We run a rubber edge 10' pusher on my 873, just alittle smaller than yours, works great will push with snow coming over the top of the pusher. Works great after my modification. Before so so with an 8' plow. You have to change out your tires I've found, skidsteers have plenty of power but just like anything else you need to get it to the ground or it's useless.


----------



## Ne1 (Jan 15, 2007)

I run bobcat s250's. I have both Artic and Protech pushers in 10'. Artic is a good pusher but are expensive and have many moving parts. I would say keep it simple and go with Protech. For the money you can't beat it.


----------



## RLS (Jul 13, 2010)

Guys with pushers on skids, what are you using for tires? I demoed a pusher on my skid steer but could not turn once the pusher was full. Wheels just kept spinning. What are the best tires to use?

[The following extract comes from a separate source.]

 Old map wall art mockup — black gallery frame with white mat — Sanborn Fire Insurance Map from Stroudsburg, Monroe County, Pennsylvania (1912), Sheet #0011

I have S330's and S850. Thanks!


----------



## Mick76 (Aug 2, 2009)

No problem pushing a full pusher with the sectionalpusher and regular skiddy tires... alot of guys run dedicated snow tires with a skid (not sure what type of pushers they run)


----------



## dodge2500 (Aug 20, 2009)

I run two 10' Arctic sectionals on my skids. One of the Skids is an 08 Gehl 7810 with a two speed and normal skid tires. The other is an 04 Gehl 6640 with a two speed and snow wolf tires. The 7810 is an animal and could handle a 12' pusher most of the time. Mind you the 7810 is a huge skid. The 6640 handles the 10' great with no problems. It worked well with normal skid tires but works fantastic with the wolf paw tires. We plow in high all the time with both machines. The sectionals do have more moving parts and we do break several blocks a year but they get run hard. I would only use sectionals on any of our skids in the future. The efficiency and quality of job that they do are unmatched. We tried rubber edges 10' protech boxes and got rid of them after the first event. We do many uneven parking lots and the sectional is awesome! Well worth the extra money to me. JMO


----------



## hotrod15650 (Jan 15, 2010)

we use Steel-Tec pushes and love them. Great price for heavy duty pushers and good guys to deal with. check them ou www.steel-tec-usa.com


----------



## rob_cook2001 (Nov 15, 2008)

I have a bobcat brand 10ft pusher, ran it last season on my s300 and will run it on my s650 this season... I love the bobcat pusher because it floats like a plow but is still a ruler edge. I can see the benefit of a arctic if you have seasonal contracts and you pay for salt.. the s300 pushed the box well with regular tires but will be running dedicated snow tires on the 650.. can't wait to start pushing snow. A box is SOOO much faster than a plow.


----------



## ryde307 (Dec 3, 2009)

Is anyone using the BOSS pushers? We have 2 protechs and just bought a BOSS to try.


----------



## xtreem3d (Nov 26, 2005)

RLS;1489992 said:


> Guys with pushers on skids, what are you using for tires? I demoed a pusher on my skid steer but could not turn once the pusher was full. Wheels just kept spinning. What are the best tires to use? I have S330's and S850. Thanks!


I don't know that I would be discouraged by that fact. Our machines won't always turn with an Arctic box full of snow. We can turn (most of the time) with the Kage pusher because it rotates left and right.
Steve


----------